CORRESP 1 filename1.htm CORRESP
[Company Letterhead]
May 5, 2009
Mr. Terence O’Brien
Branch Chief
Division of Corporation Finance
United States Securities and Exchange Commission
100 F Street, NE
Washington D.C. 20549-0303
Re:   Gerdau Ameristeel Corporation
Form 40-F for the fiscal year ended December 31, 2008
File No. 333-101591
Dear Mr. O’Brien:
This letter is in response to the comment letter (the “Comment Letter”) from the Staff of the Securities and Exchange Commission (the “Commission”) dated April 21, 2009, concerning the Annual Report filed on Form 40-F for the fiscal year ended December 31, 2008 (the “2008 Form 40-F”).
To facilitate the Staff’s review, we have reproduced below the comments contained in the Comment Letter, and included the Company’s response under each comment.
Form 40-F for the year ended December 31, 2008
2008 Annual Report
1.)     The $63.7 million of 2008 fourth quarter inventory impairments referenced on page 19 comprise over 20% of the 2008 pre-tax loss. Please disclose in future filings the facts and circumstances leading to material inventory write-downs.
Response:   The $63.7 million of 2008 fourth quarter inventory impairments primarily related to the impact of certain high-priced raw materials purchased by the Company prior to the decline in market selling prices experienced in the fourth quarter. Generally, raw material costs fluctuate with the market selling prices of finished product.

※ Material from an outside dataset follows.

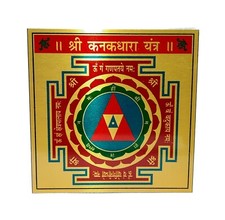 Kanakdhara Yantra Lakshmi Prosperity Vastu Pooja Altar Plate 8cm Hindu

However, as production rates were curtailed during the fourth quarter, the consumption of the higher-priced raw material inventory did not keep pace with the reduction in selling prices for the Company’s finished products, resulting in the need for a lower cost or market write-down.
In response to the Staff’s comment, the Company will disclose in future filings the facts and circumstances leading to material inventory write-downs.

 


 

EBITDA, page 15
2.)     In future filings, please disclose whether the EBITDA calculation is consistent with the measure included in your debt agreements. In this regard, we note the EBITDA measures referenced on page 21 of the Form 40-F. Further, given the level of debt you have, please disclose in MD&A all material financial debt covenant ratio requirements and the corresponding actual measures as of the Balance Sheet date.
Response:   The only material covenants in the Company’s debt agreements which are based on EBITDA measures are in the Company’s Term Loan Facility. The EBITDA calculation included in the Company’s Term Loan Facility is different from that used by Company management to assess the performance of the Company’s operations. The Term Loan Facility EBITDA is based on Gerdau S.A.’s EBITDA on a consolidated basis — including the Company. The Company is approximately 67% owned by Gerdau S.A.
In response to the Staff’s comment, the Company shall make clear in future filings that the EBITDA calculation included in the Company’s Term Loan Facility is different from that used by Company management to assess the performance of the Company’s operations. In addition, the Company shall disclose in the MD&A of future filings all material financial debt covenant ratios and the corresponding actual measures as of the Balance Sheet date of the relevant filing.
Critical Accounting Estimates and Assumptions, page 20
Goodwill, page 22
3.)     In future filings, please disclose the amounts of goodwill remaining in the Long Products and PCS reporting units. Disclose also whether material amounts of goodwill reside in reporting units with implied fair values that do not significantly exceed the carrying amount of the corresponding goodwill. Such disclosures are necessary for readers to assess the risk and proximity of future goodwill impairment charges.
Response:   The Long Products and PCS reporting units had remaining goodwill balances of $1.7 billion and $119 million, respectively, as of December 31, 2008. After recording the goodwill impairment charge, the fair value of the Long Products reporting unit exceeded its carrying value by approximately $815 million, or 17% of its book value, while the fair value of the PCS reporting unit exceeded its book value by approximately $600 thousand, or 0.2% of its book value. The Rebar Fabrication Group reporting unit had a remaining goodwill balance of $56 million as of December 31, 2008. Additionally, the Step 1 test for the Rebar Fabrication Group indicated that the fair value of this reporting unit exceeded its book value by approximately $118 million, or 51% of its book value. Because there was no significant excess margin of fair value over carrying value for the PCS reporting unit at December 31, 2008, its goodwill balances may have an increased likelihood of impairment if adverse events were to occur or circumstances were to change, and the long-term outlook for their cash flows were adversely impacted.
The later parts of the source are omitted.